Analysts and investors have been skeptical of the merits of Illumina’s takeover of Grail since the deal was disclosed in September. Those doubts are underpinned by multiple concerns, from questions of whether Illumina has the clinical expertise to make a success of Grail’s tests to fears that the takeover will put the sequencing giant at odds with its liquid biopsy customers.
Exact Sciences’ $2.15 billion takeover of Thrive gave analysts, including SVB Leerink’s Puneet Souda, another possible problem with the Grail deal. What, Souda asked in a note to investors, explains the fact that “it appears that Grail is valued significantly higher versus Thrive?”
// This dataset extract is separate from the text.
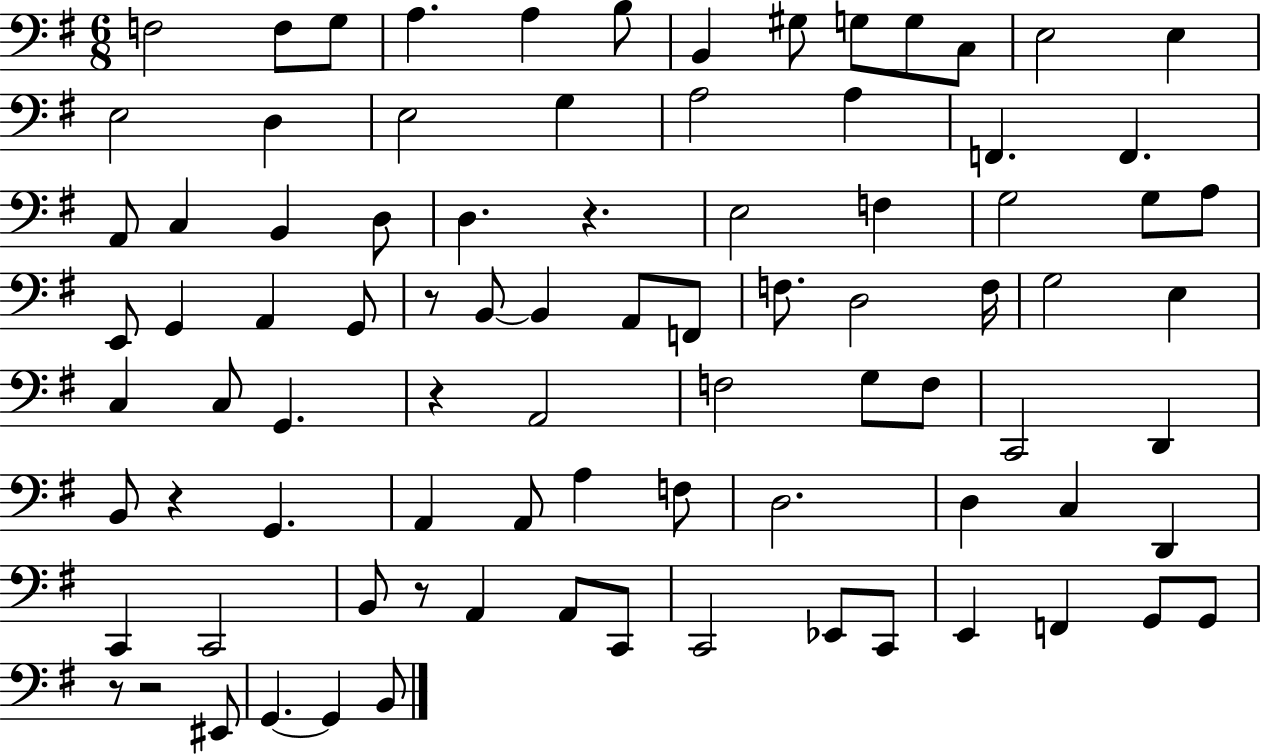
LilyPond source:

Illumina CFO Samad made the case Thursday for why Grail commands a premium.
“Grail is looking to launch its test next year and that will likely make them the first player into the market. We have also undertaken by far some of the largest clinical studies in that space," the CFO said.
"They have over 100,000 people enrolled in the studies that they’ve done and generated quite a remarkable bolus of data associated with their test. And then the performance characteristics of their tests are very strong,” Samad continued.
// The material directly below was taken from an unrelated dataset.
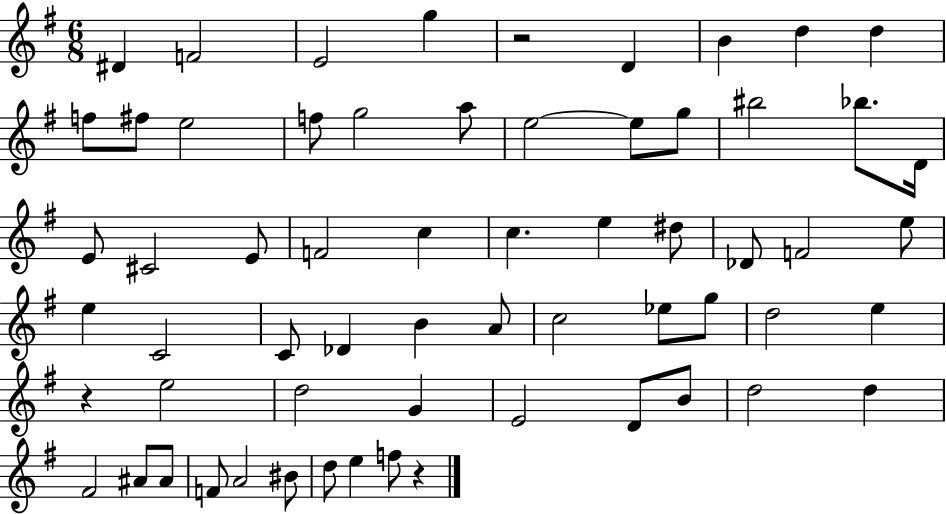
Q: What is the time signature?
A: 6/8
Samad argued Grail is a best-in-class product, pointing to “a sensitivity in the high-60% with a false-positive rate of less than 1%” in the 12 deadliest tumor types. With Grail also having a possible first-mover advantage and FDA's OK to run an IDE study, Illumina sees the data enabling it to claim a dominant position in a market it calculates could be worth $75 billion by 2035.
Given the size of the opportunity, Samad expects multiple players to claim a piece of the market. If everything goes to plan, Illumina will capture a piece of the market directly through Grail while also benefiting indirectly from the sequencing products it provides to other liquid biopsy companies.
For that scenario to play out, liquid biopsy companies such as Thrive and Foundation Medicine will need to continue relying on Illumina for sequencing products despite it now competing with them through Grail. Illumina CEO Francis deSouza addressed the situation in his prepared remarks on the third quarter results conference call.
“We expect to operate Grail as a division within Illumina,” deSouza said. “We remain committed to supporting all of Illumina’s customers and ensuring that innovators who wish to develop NGS-based tests have continued access to our technologies.”
Elsewhere on the call, deSouza and Samad discussed the performance and prospects of Illumina’s core business. DeSouza said Illimuna saw a strong rebound in the third quarter, driven by the return of business from both clinical and research customers. Illumina expects sequencing run volumes to “continue to improve modestly” in the fourth quarter.